Today’s January 3, 2018, editorial about the governor’s proposed State Water Quality Rapid Response Team (SWQRRT) formation to address Harmful Algal Blooms (HABs) via regional venues caught my eye. Please be assured that the Chautauqua Lake Association (CLA) has no interest in involving politics or histrionics in the initiative. In fact we have been in contact with both the governor’s office and the Department of Environmental Conservation (NYSDEC) to pledge our cooperation.

HABs have been a major concern to the CLA for several years now. We have committed hundreds of volunteer hours and $28,000 of donor funds to pay laboratory fees during the last three years. For three years prior to that Chautauqua Institution covered our laboratory fees. Concurrently we have committed volunteer hours to the joint NYSDEC-NYS Federation of Lakes Association (NYSFOLA) HAB monitoring program during the past decade. It is the data from these programs, along with the fact that Chautauqua Institution and Chautauqua Lake Estates draw their drinking water from Chautauqua Lake, that caused Chautauqua Lake to be one of the only three lakes in Western New York to be selected for the SWQRRT’s focus. These programs will be continuing in 2018 and made available to the SWQRRT’s data gathering process.

During the course of these monitoring programs we have worked closely with SUNY ESF, NYSDEC, NYSFOLA and the Chautauqua County Department of Health and Human Services. We have also kept the Chautauqua County Water Quality Task Force advised of findings and activities. Of recent we have also welcomed SUNY Fredonia to the table with its new algal investigation effort. Although we are the only organization that is collecting the specific scientific data, we recognize that we are all in this together and work in a collaborative manner with the various involved entities. We understand the problem, the water chemistry that is involved, the threat that exists, the unknowns that need to be addressed and welcome the SWQRRT coming to the table.
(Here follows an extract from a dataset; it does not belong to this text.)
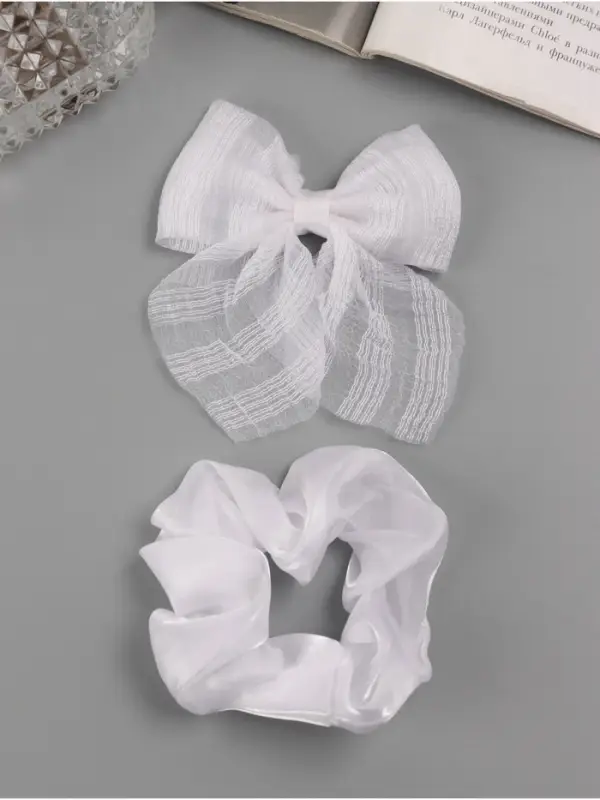 Набор для волос Выбражулька &laquo;Школьница&raquo;, резинка 10 см, зажим 9 см, полоски объём, белый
We view this new state initiative to be a welcome aid towards addressing the HAB challenge.

We have also established a HAB informational tab on our website and have utilized our Facebook page to post special summertime findings. Through my involvement with the Ohio River Valley Water Sanitation Commission (ORSANCO) I have kept abreast of HAB actions that have occurred in the eight member states and at USEPA. ORSANCO has a specific HAB protocol which I and NYSDEC were involved in formulating due to the emergence of HABs on the Ohio River. Again, it has been a process of collaboration and cooperation. I do not foresee that the SWQRRT program will be any different.

Doug Conroe is president of the Chautauqua Lake Association.